● Study material:
Segment Open

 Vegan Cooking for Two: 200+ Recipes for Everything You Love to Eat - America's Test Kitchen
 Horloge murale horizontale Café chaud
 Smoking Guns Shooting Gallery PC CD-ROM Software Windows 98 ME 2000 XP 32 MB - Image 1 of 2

Segment Closed
Segment Open

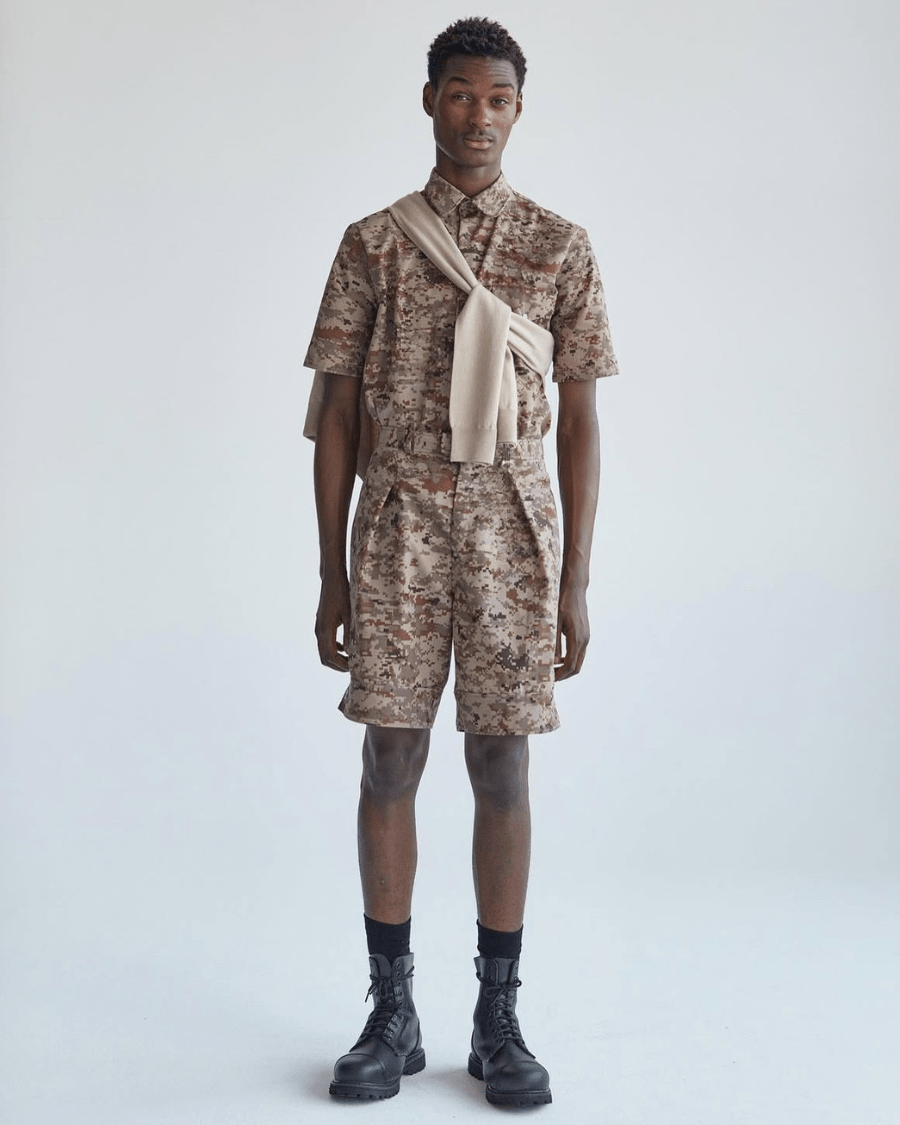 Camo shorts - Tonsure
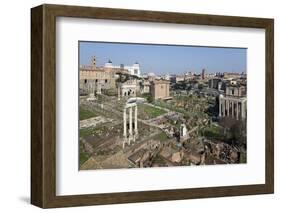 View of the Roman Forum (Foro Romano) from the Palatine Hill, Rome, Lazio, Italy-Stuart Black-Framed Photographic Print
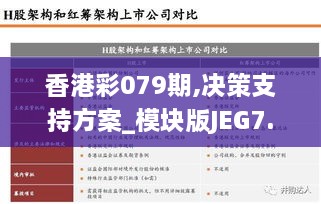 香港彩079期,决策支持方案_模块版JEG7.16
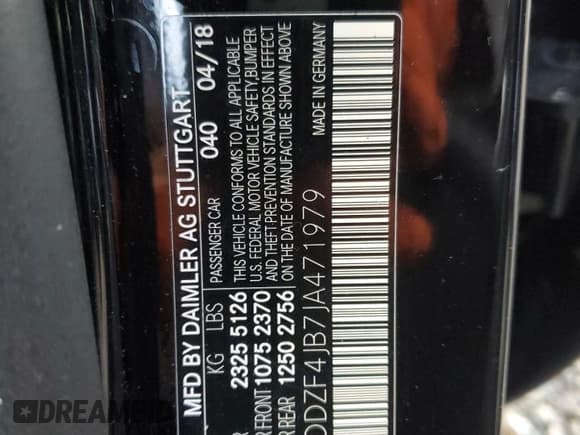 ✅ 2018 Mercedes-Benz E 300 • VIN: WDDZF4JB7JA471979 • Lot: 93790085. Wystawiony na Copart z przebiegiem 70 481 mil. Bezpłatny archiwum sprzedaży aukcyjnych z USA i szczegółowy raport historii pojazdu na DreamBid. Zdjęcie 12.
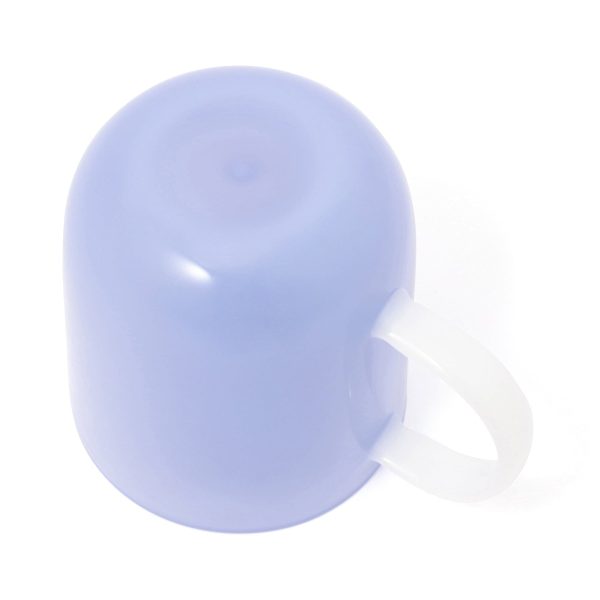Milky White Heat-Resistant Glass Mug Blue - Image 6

Segment Closed

● Brief: Within the listing above, the stretch from the line with "DreamBid. Zdjęcie 12." down to the line with "Milky White Heat-Resistant" is to be given again exactly, end lines included and pictures excluded.

● Result of this task:
 ✅ 2018 Mercedes-Benz E 300 • VIN: WDDZF4JB7JA471979 • Lot: 93790085. Wystawiony na Copart z przebiegiem 70 481 mil. Bezpłatny archiwum sprzedaży aukcyjnych z USA i szczegółowy raport historii pojazdu na DreamBid. Zdjęcie 12.
Milky White Heat-Resistant Glass Mug Blue - Image 6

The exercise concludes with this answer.